__Task goal__. Copy exactly the lines from the line holding "107 Parsons Lane" through the end of the material, and no others; pictures stay out.

● ● ● ● ●

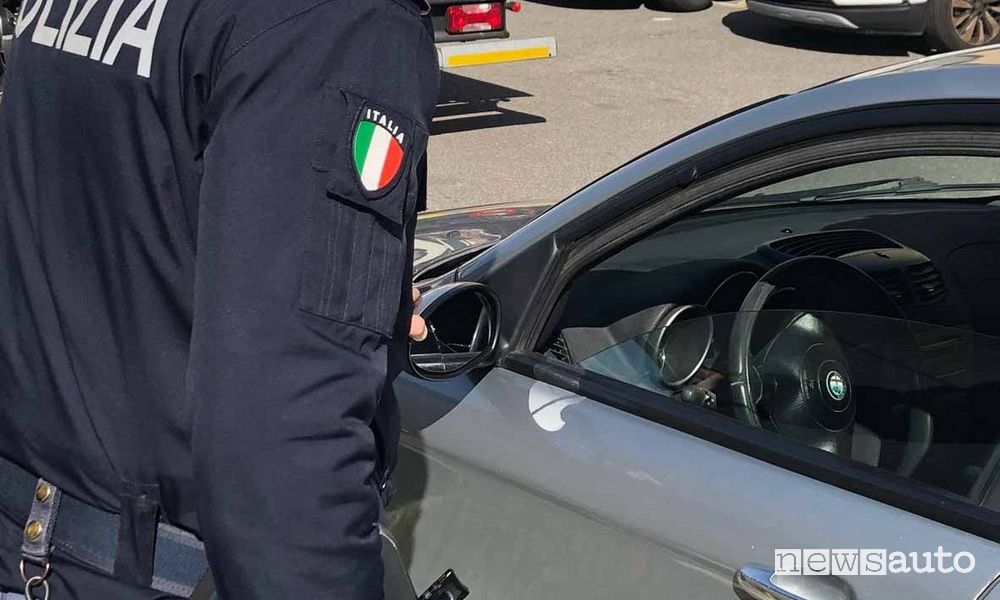 Polizia che controlla lo specchietto rotto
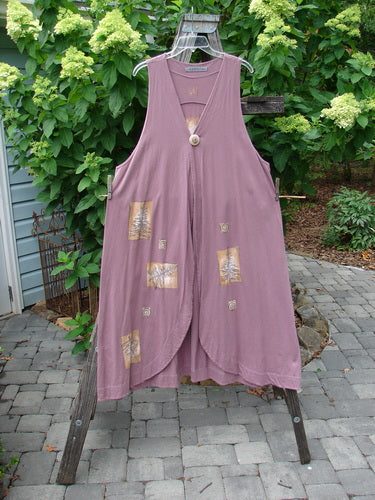 1996 State Fair Vest Pine Twig Laurel Size 1, featuring an oversized button, double-paneled hemline, and wide A-line shape, hanging on a rack.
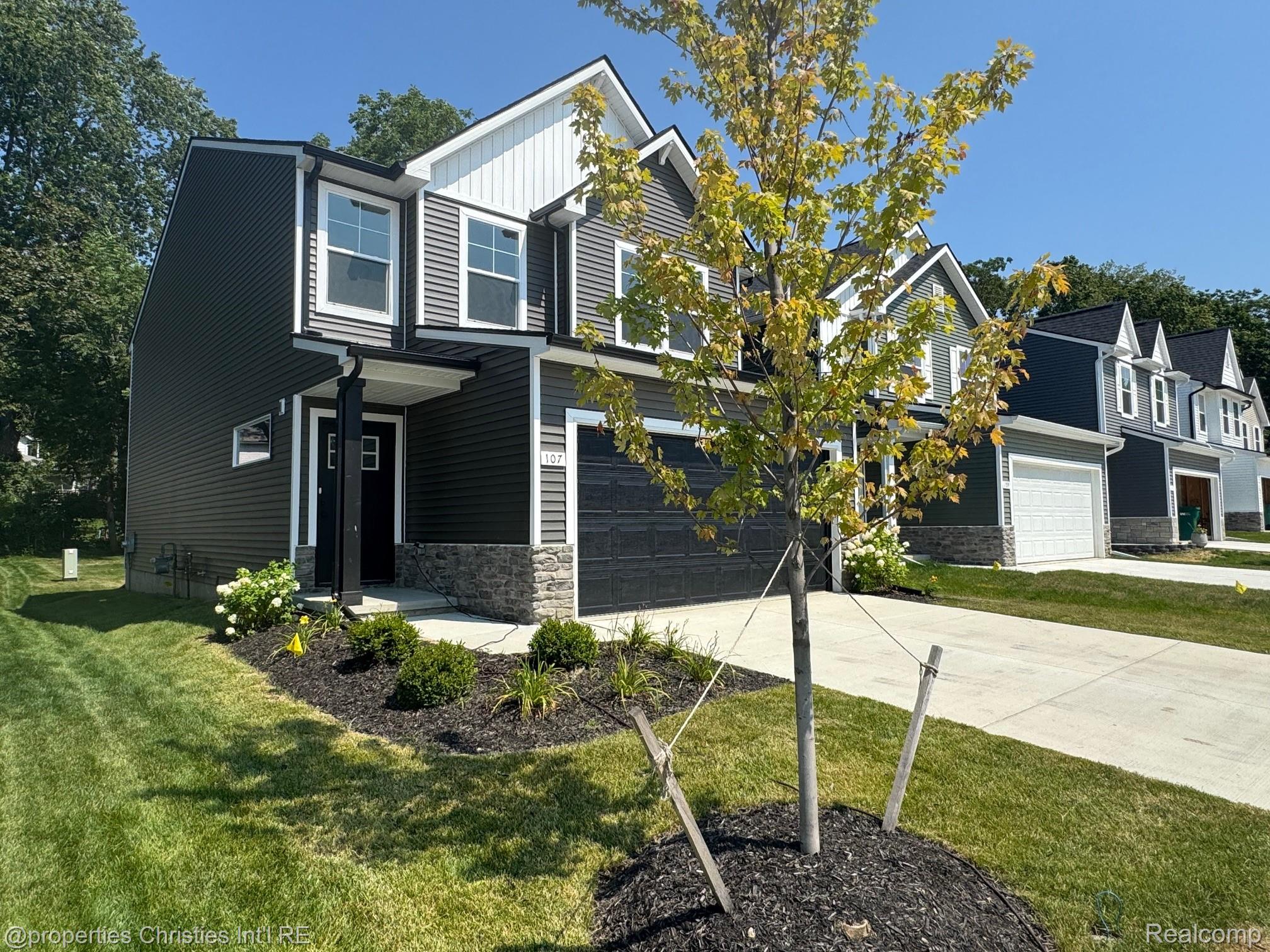 107 Parsons Lane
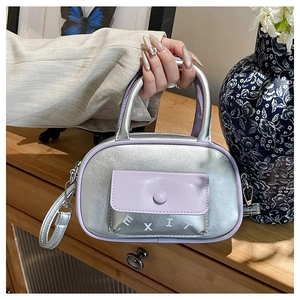 Detailansicht der silber-violetten Mini-Boston-Tasche mit weißem EXIT-Schriftzug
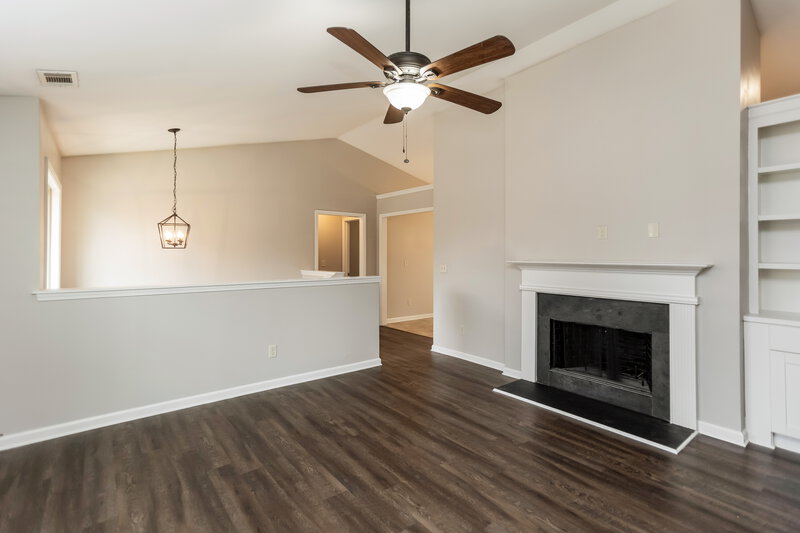 2,245/Mo, 1025 West Avenue Dallas, GA 30157 Living Room View 2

● ● ● ● ●

__Response to this task__.
 107 Parsons Lane
 Detailansicht der silber-violetten Mini-Boston-Tasche mit weißem EXIT-Schriftzug
 2,245/Mo, 1025 West Avenue Dallas, GA 30157 Living Room View 2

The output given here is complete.